Last of 2 parts
WITH the fast approaching 49th anniversary of the proclamation of martial law, discussion is again rife about the need for more strongman rule. And because of the coming elections, the stakes are high. People talk about what kind of leaders we should elect. In the previous first part of this column, I posited that to have an idea of a Filipino brand of leadership, we can go back to the leader of our ancestors - the datu. But didn't the autocrats already use this template to justify their one-man rule? This stems from the perception that the datu is an absolute ruler who also automatically passes his authority on to his kin.
Having asked about what the model Filipino leader should be, I realized that to be a datu one must be the most skilled warrior, or "bagani," in the group. He has proven himself in battle and his victories are written in his body as batek, or tattoos, hence "batikan" (which is a Filipino term used today for anyone who is skillful). Their tattoos also served as their protection or anting-anting to maintain their kabutihang-loob.
But if the datu is the most skilled bagani, then as a bagani he was also the bayan's number one public servant. Linguistically, bagani is connected to the Tagalog word "bayani" and the Javanese "wani." Wani is an old term which means helping through one's skill in the fixing (pagsasaayos) of the whole society or of any task, to help with compassion (malasakit) without expecting anything in return. That is why our government workers are called "kawani."
In the Bagobo ethnic group in Mindanao, the anthropologist E. Arsenio Manuel described the bagani as someone who "does not serve, however, under any particular official or villager. His services are available to any citizen, lowly, or high, poor or rich, blood kin or not. He cannot refuse to perform his office if approached..."

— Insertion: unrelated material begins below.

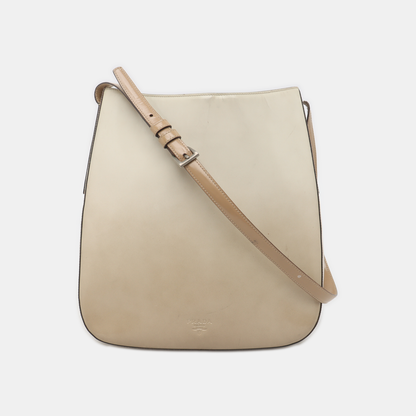 PRADA Beige Leather Single Shoulder Bag Silver Hardware-(SKU)-932498000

If this is the character a bagani must have, and the datu is the most skilled defender of them all, then the datu should never be seen as someone enriching himself or someone who furthers his selfish interests but dedicates himself to the service of others. So instead of calling it "datu" leadership, I would like to call it "pamumunong bagani," to remind people that to be just a leader is not enough, one must also be heroic.
Even the perception that the datu was an autocrat and hence, autocracy or one-man rule is the model Filipino leadership, may be a misnomer. Fellow Manila Times history columnist Van Ybiernas has described our ancestors' political system as consultative, even democratic. The datu consulted the babaylan for spiritual matters and the ruma bichara, or the council of elders, for other things.
Some historians explain that the datu position is not automatically inherited by a son, even if this is the case most of the time. The heir must prove that he is also as skilled as his father as a warrior and as a leader. And if the people did not like them anymore, someone from the bayan will rise to challenge the datu by combat and gets to be the new datu if he wins. We also see this in Philippine politics today. Dynasties may even be desired and elected by the people for as long as they are seen to be serving the people's interests.
Even Apolinario Mabini warned us against autocracy in his "The True Decalogue": "In your country, do not recognize the authority of any person who has not been elected by you and your compatriots.... the person chosen and proclaimed by the consciences of all the individuals of a whole town is the only one that can exercise real authority. ... Strive that your country be constituted as a republic, and never as a monarchy: a monarchy empowers one or several families and lays the foundation for a dynasty."
More importantly, the datu may be the supervisor of lands and boats but he lets the people use them for the benefit of the people themselves. Hence, as historian Zeus Salazar points out, the datu is "tagapagpadaloy ng ginhawa" to the bayan. But our ancestors also believed that to achieve kaginhawahan, or the good life, the bayan must be good and look out for each other in kapatiran and mabuting kalooban. Hence, the leader should never be a plunderer.
But this doesn't mean the datu is soft on crime. Offenders of the bayan are met with punishment but only after due process and rituals, which is equivalent today to our justice system.
Therefore, as the highest bagani, our leaders should not be less than heroic. Nobody is perfect, but time and again, we are inspired by Filipino leaders who, despite difficulties and limitations, can urge people to unite as they lead with the best interest of the people in mind.